Our youngest daughter, Lillian, has now spent more than half of her life fighting the ugly disease called Cancer. On March 4, 2015, at 23 months old and after months of searching for answers, Lillian was diagnosed with a rare form of pediatric cancer called Alveolar Rhabdomyosarcoma. This is a type of tumor that is normally found in teenage children, and is an aggressive form of cancer that affects the soft tissue.

In a little over 2 years she has battled cancer 3 times. Her first tumor formed in the left eye orbit and it took 30 weeks of chemo over a period of 46 weeks, and 25 radiation treatments, 5 days a week for 5 weeks.
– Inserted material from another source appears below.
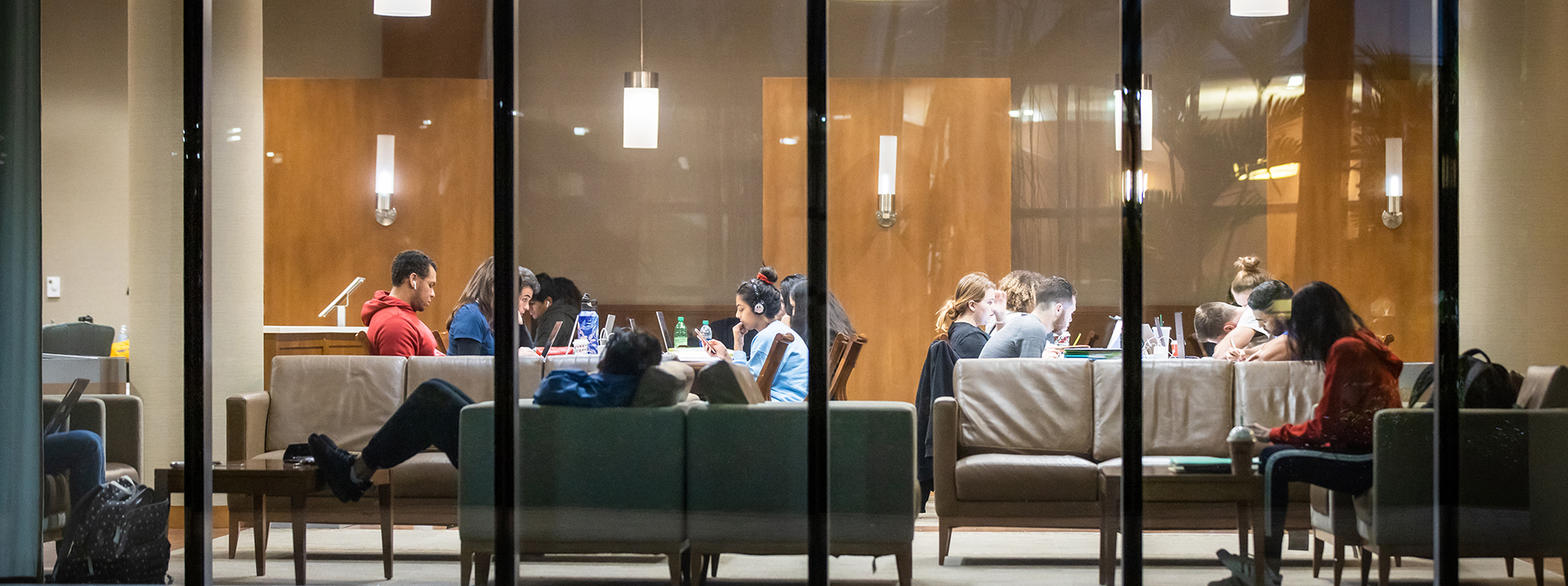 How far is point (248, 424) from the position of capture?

On Memorial Day 2016, another lump was discovered on the left side of her face so Lillian had to have a parotidectomy where they made an incision and removed the parotid gland to get what we hoped wouldn’t be a 2nd tumor. The pathology report returned and she was diagnosed in June with recurrent Alveolar Rhabdomyosarcoma. Her second battle consisted of 24 weekly chemo treatments and 28 proton radiation treatments, wrapping up in mid-December, 2016.

In late January 2017, another bump was discovered in Lillian’s left orbit area; this one is in almost the same location as her first tumor. After weeks of setting up scans, tests, biopsies, and waiting we got the devastating news that Lilly’s cancer had returned for a third time. This time she received high dose chemo where she was admitted for 4 cycles of treatment over 4 days and 3 nights each and another 28 proton radiation therapy treatments. She finished up these treatments at the beginning of May and we celebrated clear scans just after the 4th of July.

When Lillian was diagnosed the first time, we were told her case was a one in a million.  Now after 3 biopsies, 14 MRIs, 8 CT scans of the chest, having to be sedated over 100 times for surgeries, proton radiation, and scans, 58 weeks of chemo, 81 radiation treatments, and 15 hospital admissions we were reminded, while asking questions that had no answers when we were asked, if we totally understood how rare Lilly really is.  Kids her age don’t get this cancer. They don’t beat this cancer. They certainly don’t do it three times. Sometimes we forget all of this because of just how easy she makes it all look.  She defies all odds.  Her future consists of a long and overwhelming list of side effects, on top of the constant worry of a recurrence, yet she shows us how to look forward to living every day with courage, hope, and love.